Yeah. And similarly, it ought to prompt an understanding that, while not every, and certainly not even most, veterans are going to be radicalized in this way, that there is a continuum in American foreign policy, in America’s kind of unique relationship between its military and its economy, whereby the accumulated force of over 100 years of the United States deciding that it can go forth into the world militarily to sort out governments that it dislikes, economic popular movements that it feels threatened by and that threatens resource extraction by so many of its captains of industry, and then I think what you’re referring to, the rise of both the United States as a global military power after the second World War and the according growth of the military industrial complex that unites the military and what it does overseas with a tremendous amount of the American economy funds a tremendous amount of the American economy, higher education in particular. Technical higher education is very much shaped by military spending.

All of those forces that help make the United States a kind of permanent military intervener on the world stage are very hard to separate from currents that America faces at home that are informed by American history of White supremacy and of settler colonialism. And these trends feed upon one another. It is something that James Madison recognized at the founding of this country when he wrote in the Federalist, that no nation can keep its freedom within an atmosphere of constant perpetual war. That is something that is kind of the harder underlying structural problem beneath a lot of these recent outbursts of far right military veteran, not all of the military veteran, but a disturbing number of the military veteran, vigilantism and insurrectionism. And it is something that the military over the past several decades, and including unfortunately after January 6th, has found the better part of valor to be to not confront. The current military policies, even after January 6th, look toward stopping… And this is a term you’ll find in the policy documents repeatedly… active participation in what is euphemistically called extremist activities. What that means is that basically you can be a member of a White supremacist or other far right organization, including the Oath Keepers, but if you go do Oath Keepers’ stuff on behalf of the Oath Keepers, that’s when you cross the line into being potentially dischargeable.

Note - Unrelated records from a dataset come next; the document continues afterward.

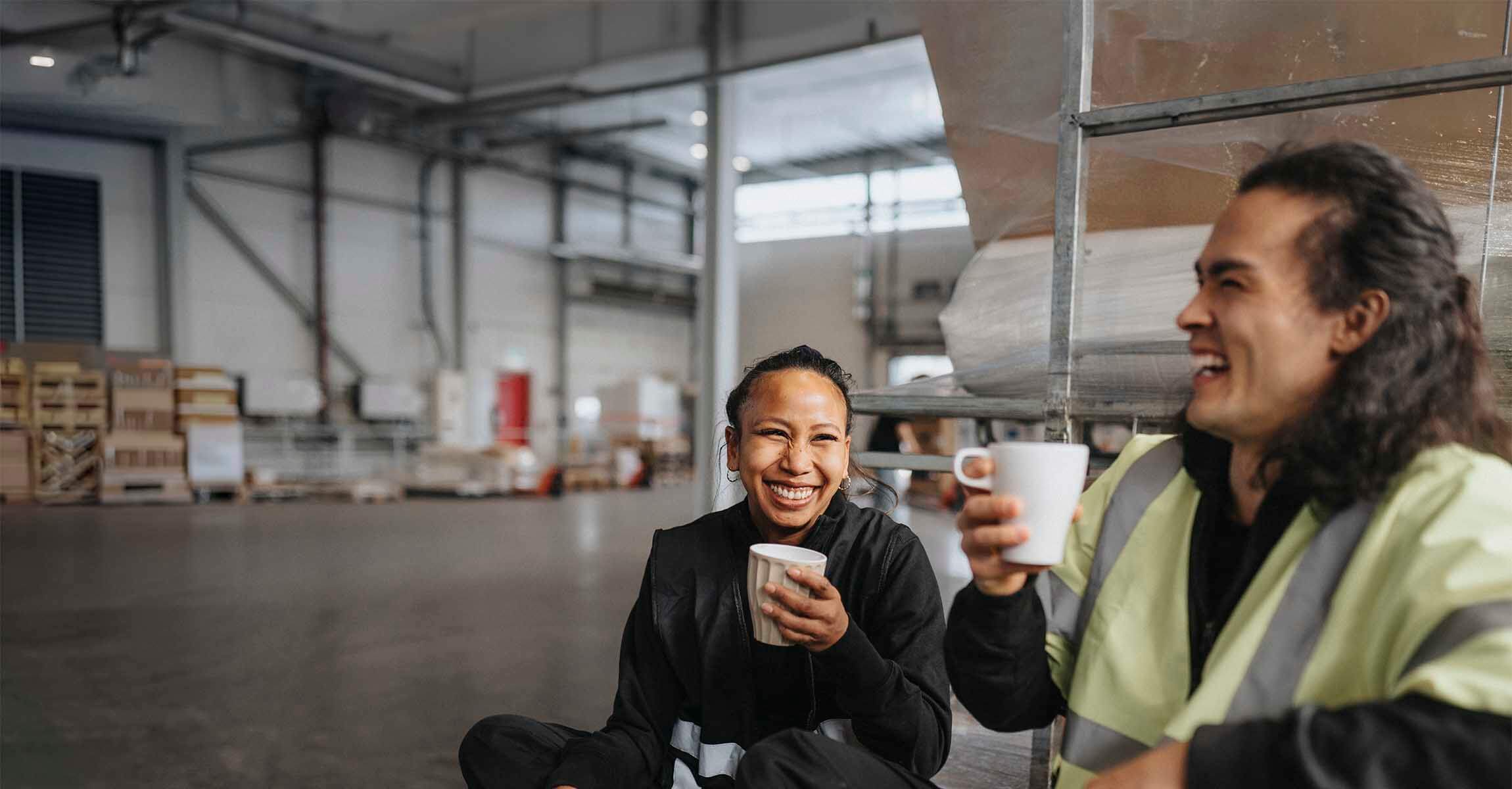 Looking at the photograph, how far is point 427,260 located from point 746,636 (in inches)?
502

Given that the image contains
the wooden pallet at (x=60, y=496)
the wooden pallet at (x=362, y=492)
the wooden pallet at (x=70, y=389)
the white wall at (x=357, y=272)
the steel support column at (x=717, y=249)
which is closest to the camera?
the steel support column at (x=717, y=249)

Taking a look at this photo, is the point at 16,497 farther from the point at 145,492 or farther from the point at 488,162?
the point at 488,162

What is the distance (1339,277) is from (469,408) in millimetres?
12997

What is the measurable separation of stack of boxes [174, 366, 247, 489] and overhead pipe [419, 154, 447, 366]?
11.1 ft

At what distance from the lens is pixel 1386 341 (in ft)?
2.71

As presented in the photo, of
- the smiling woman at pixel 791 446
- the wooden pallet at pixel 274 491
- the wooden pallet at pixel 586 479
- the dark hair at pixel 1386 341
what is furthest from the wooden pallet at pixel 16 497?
the dark hair at pixel 1386 341

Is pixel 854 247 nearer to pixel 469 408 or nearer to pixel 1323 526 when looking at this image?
pixel 469 408

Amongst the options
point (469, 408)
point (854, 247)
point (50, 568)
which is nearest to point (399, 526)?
point (50, 568)

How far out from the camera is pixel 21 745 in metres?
2.86

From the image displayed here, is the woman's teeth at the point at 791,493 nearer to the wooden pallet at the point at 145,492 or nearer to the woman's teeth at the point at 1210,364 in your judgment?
the woman's teeth at the point at 1210,364

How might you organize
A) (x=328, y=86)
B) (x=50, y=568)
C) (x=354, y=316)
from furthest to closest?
1. (x=354, y=316)
2. (x=328, y=86)
3. (x=50, y=568)

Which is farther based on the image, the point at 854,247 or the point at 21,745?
the point at 854,247

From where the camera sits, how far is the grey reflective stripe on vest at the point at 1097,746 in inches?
36.7

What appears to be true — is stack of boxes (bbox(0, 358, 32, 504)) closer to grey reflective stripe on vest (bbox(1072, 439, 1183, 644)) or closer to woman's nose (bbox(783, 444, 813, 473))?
woman's nose (bbox(783, 444, 813, 473)) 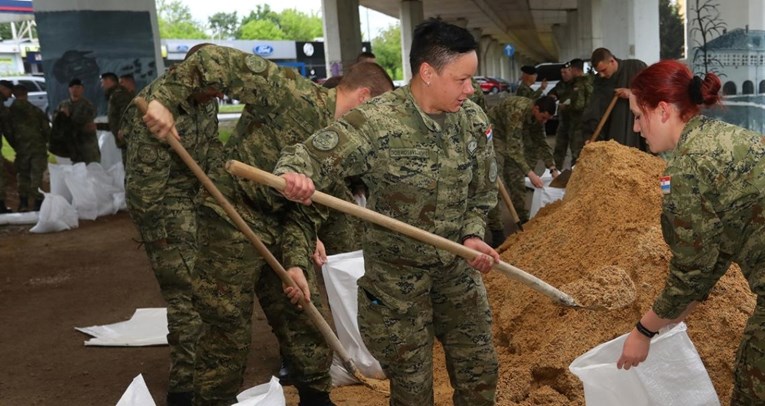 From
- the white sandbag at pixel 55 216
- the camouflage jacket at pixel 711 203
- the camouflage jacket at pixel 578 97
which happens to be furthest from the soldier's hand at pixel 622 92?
the white sandbag at pixel 55 216

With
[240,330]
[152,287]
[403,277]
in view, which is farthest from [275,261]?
[152,287]

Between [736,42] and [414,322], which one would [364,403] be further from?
[736,42]

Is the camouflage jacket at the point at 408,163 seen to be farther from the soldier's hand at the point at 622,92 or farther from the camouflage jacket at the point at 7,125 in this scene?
the camouflage jacket at the point at 7,125

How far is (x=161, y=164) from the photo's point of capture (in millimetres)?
3664

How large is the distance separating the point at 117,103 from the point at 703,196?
9.48 m

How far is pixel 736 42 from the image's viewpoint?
7289 millimetres

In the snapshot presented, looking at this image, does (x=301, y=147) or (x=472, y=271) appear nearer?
(x=301, y=147)

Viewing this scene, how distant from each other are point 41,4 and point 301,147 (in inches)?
413

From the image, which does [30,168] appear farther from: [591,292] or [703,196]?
[703,196]

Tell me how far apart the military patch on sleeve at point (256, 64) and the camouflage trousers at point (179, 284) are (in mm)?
1047

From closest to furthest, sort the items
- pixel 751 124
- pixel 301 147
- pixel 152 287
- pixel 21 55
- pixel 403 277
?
pixel 301 147
pixel 403 277
pixel 152 287
pixel 751 124
pixel 21 55

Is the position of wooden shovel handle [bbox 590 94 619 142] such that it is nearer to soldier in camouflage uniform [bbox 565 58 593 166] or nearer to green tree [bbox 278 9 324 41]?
soldier in camouflage uniform [bbox 565 58 593 166]

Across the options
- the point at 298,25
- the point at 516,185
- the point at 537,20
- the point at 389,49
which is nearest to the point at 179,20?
the point at 298,25

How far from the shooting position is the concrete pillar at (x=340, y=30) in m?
23.6
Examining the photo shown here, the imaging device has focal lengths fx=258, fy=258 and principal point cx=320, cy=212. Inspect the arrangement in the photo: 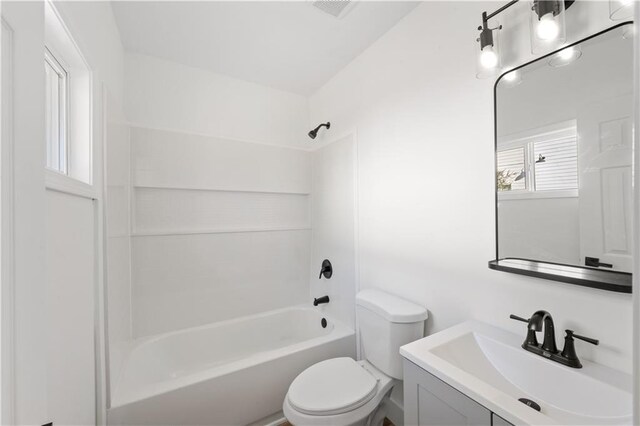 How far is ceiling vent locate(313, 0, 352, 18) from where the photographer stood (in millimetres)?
1463

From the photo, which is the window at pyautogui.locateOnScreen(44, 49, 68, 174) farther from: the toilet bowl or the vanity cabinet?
the vanity cabinet

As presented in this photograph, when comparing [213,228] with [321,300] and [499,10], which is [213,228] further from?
[499,10]

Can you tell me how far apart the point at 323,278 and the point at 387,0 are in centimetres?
210

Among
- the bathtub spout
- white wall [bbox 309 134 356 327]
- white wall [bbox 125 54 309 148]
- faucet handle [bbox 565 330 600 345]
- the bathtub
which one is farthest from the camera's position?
the bathtub spout

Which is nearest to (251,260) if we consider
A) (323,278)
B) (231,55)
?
(323,278)

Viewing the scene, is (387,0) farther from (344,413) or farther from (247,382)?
(247,382)

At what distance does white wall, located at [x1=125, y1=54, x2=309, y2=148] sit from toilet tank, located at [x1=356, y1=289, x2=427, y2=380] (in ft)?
5.68

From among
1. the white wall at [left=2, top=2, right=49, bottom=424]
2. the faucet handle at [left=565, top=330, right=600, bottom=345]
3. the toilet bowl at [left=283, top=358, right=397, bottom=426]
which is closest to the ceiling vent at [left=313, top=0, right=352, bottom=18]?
the white wall at [left=2, top=2, right=49, bottom=424]

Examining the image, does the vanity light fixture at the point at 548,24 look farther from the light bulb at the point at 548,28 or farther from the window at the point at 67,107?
the window at the point at 67,107

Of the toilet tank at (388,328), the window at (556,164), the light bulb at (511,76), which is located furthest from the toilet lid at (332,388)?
the light bulb at (511,76)

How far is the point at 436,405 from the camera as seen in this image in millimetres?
909

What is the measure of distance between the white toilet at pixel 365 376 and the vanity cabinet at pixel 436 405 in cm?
31

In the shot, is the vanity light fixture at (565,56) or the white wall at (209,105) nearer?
the vanity light fixture at (565,56)

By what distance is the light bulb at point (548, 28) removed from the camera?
0.94 metres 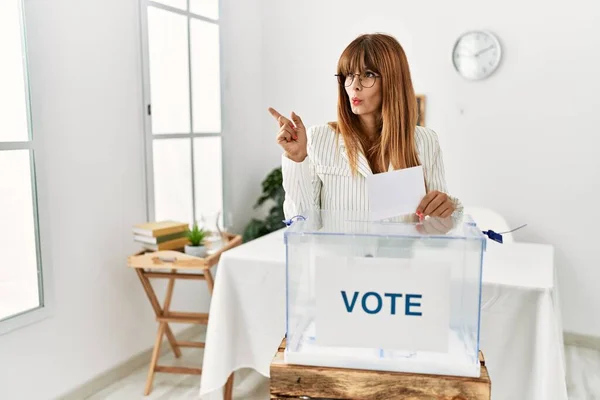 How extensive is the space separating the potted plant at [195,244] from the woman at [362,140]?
1.31m

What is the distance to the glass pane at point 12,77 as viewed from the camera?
2145 mm

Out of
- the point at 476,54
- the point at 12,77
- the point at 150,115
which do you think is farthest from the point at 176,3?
the point at 476,54

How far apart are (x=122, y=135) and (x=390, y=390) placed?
2.14m

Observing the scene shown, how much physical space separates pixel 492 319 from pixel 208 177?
197 cm

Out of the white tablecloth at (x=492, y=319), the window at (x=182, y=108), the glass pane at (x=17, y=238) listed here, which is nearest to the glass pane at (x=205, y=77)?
the window at (x=182, y=108)

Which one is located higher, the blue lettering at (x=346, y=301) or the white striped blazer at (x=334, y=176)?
the white striped blazer at (x=334, y=176)

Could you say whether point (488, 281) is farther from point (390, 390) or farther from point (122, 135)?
point (122, 135)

And that is a further step than the military has taken in decades past. But nevertheless, it reflects a compromise with allowing tacitly a certain number of members of far right organizations, members of White supremacists organizations and those who seek to advance White supremacist and far right political agendas within the military, or at the very least a fear of alienating recruits, turning away people at a time of what the military considers low recruitment, certainly what many Republicans in Congress also consider to be a dangerously low recruitment environment, because of these tendencies within certain portions of the recruiting base. And that’s where it becomes dangerous when [inaudible 00:15:41] Tommy Tuberville from Mississippi says that he doesn’t know what the military is talking about with White nationalists in the military, and he says, “I call them Americans.” He’s doing what those on the right like to say to those on the left of virtue signaling. He’s winking and nodding and saying that he has the back of those White nationalists within the military, that he is going to make sure that the policies that I think perhaps you or I and some of your listenership might consider to be insufficient to deal with this problem inside the military, that even those have to be rolled back, those have to be stopped, those have to have congressional opposition toward.

Marc Steiner:

So I’m curious as to how deep you think your analysis says this goes. When you look at the Daniel Penny, Daniel Perry, people can say, “Oh no, these are just aberrations. This is something that just occurred.” But to me, in terms of other people I’ve talked to, and when you look at the percentage of people of color who are in the army as opposed to the percentage of people of color who are in combat units, that it pretends something a lot more dangerous bubbling under the surface that we are really unaware of, because you still have this depth of respect for people who serve in the military in this country. It’s just almost universal at some level. But what you’ve described, others have described, especially you described in your work, is this kind of growth of the right wing inside the military. Two questions for you. A… Which is not necessarily at the hearty article, but I think you’re one of the people who can answer this question… what is the response to that, when the Tuberville’s go, “Oh, they’re just good Americans”? And how do you begin to address it?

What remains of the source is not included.